March in Nova Scotia is a changeover time caught between two seasons. Snow still lingers, blanketing fields and woods, but shrinking away from exposed patches of soil and grass. Temperatures bob around the freezing mark, and cloud socked in for days is splintered by brilliant sun in clear blue sky. Vilis put a dozen maple taps out on Saturday, and yesterday, during a mild, sunny afternoon, the sap was running. Spring waits in the wings, officially stepping onto the seasonal stage nine days from today, when the vernal equinox halves day and night for an ephemeral instant. Then light springs away from darkness toward the heady heights of the summer solstice, but that time is yet to come.
Today’s post is my last about Vilis’s and my trip to Newfoundland last summer. Although we enjoyed exploring as much of The Rock as we could in two weeks, our vacation had two highlights. The first was hiking in Gros Morne National Park on Newfoundland’s West Coast; in particular, climbing Gros Morne Mountain (see earlier posts). The second was a boat tour to Witless Bay Ecological Reserve south of St. John’s on the Avalon Peninsula in the southeast corner of Newfoundland.
The Avalon Peninsula has a gentler feel than the northern, more barren reaches of Newfoundland. As in the Codroy Valley in the island’s southwest corner, farm fields and pastures traced the rolling landscape, and we noted herds of dairy cattle. We camped in La Manche Provincial Park, where green frogs sang in a marsh beside the trail to La Manche Falls. I ran that trail in fog one morning, with bird songs muted beside me, and then floated and paddled in a glass-still, mist-shrouded lake, my spirit soaring with the wild cry of a loon.

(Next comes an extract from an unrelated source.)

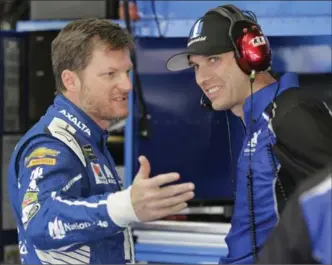  ?? ASSOCIATED PRESS FILE PHOTO ?? Driver Dale Earnhardt Jr., left, talks with crew chief Greg Ives prior to a NASCAR Cup series auto race at the Charlotte Motor Speedway in May. Earnhardt has struggled this season, and fans have criticized Ives.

The boat tour in Witless Bay sent our spirits soaring, too. We departed from Bay Bulls in mid-afternoon, thankful for clear skies after a foggy morning. Out in the bay, a female humpback whale glided through the water and tolerated our excited observations with amazing equanimity, remaining in view near the surface right in front of the boat for an extended period of time. A minke whale repeatedly surfaced in the distance, and seabirds – dovekies, Atlantic puffins, common and thick-billed murres, black guillemots, herring gulls, and black-legged kittiwakes – floated on the water and blasted through the air.
The clouds of seabirds thickened as we approached Gull Island in the Witless Bay Ecological Reserve. Home to North America’s largest breeding colony of Atlantic puffins and the world’s second largest colony of Leach’s storm petrels, the island was covered with seabirds. Puffins, which are Newfoundland and Labrador’s provincial bird, stood near nesting tunnels in thick grass atop the island. Murres, razorbills, and kittiwakes guarded eggs or sunned themselves on rocky ledges. ‘Whitewash’ squirted by the birds had obviously fertilized the island’s grasses and even rock surfaces, the latter creating lush walls of algae and striking natural artworks.
A cacophony of screams and hoarse cries filled the air as we cruised alongside the island, staying well offshore to minimize disturbance. The island’s surface and the air over and around it nearly vibrated with bird life. Neither Vilis nor I had ever before seen anything like it. This sight, even more than the whales and fishing boats, brought home to me the richness of the ocean surrounding Newfoundland. More than 260,000 puffins, 620,000 Leach’s storm petrels, and thousands of murres breed in Witless Bay Ecological Reserve.
The tour ended too soon and left me wanting more. On our last morning in Newfoundland, we drove to Cape St. Mary’s Ecological Reserve on the Avalon Peninsula’s southwest tip in dense fog and rain that followed on the heels of a wild wind and rain storm the previous evening. We hiked out to a point overlooking Bird Rock and saw northern gannets winging through the fog like spectres and gleaming like beacons in the misty air shrouding the monolith. Then we drove to Argentia and caught the ferry, riding fourteen hours over stomach-rolling waves home to Nova Scotia.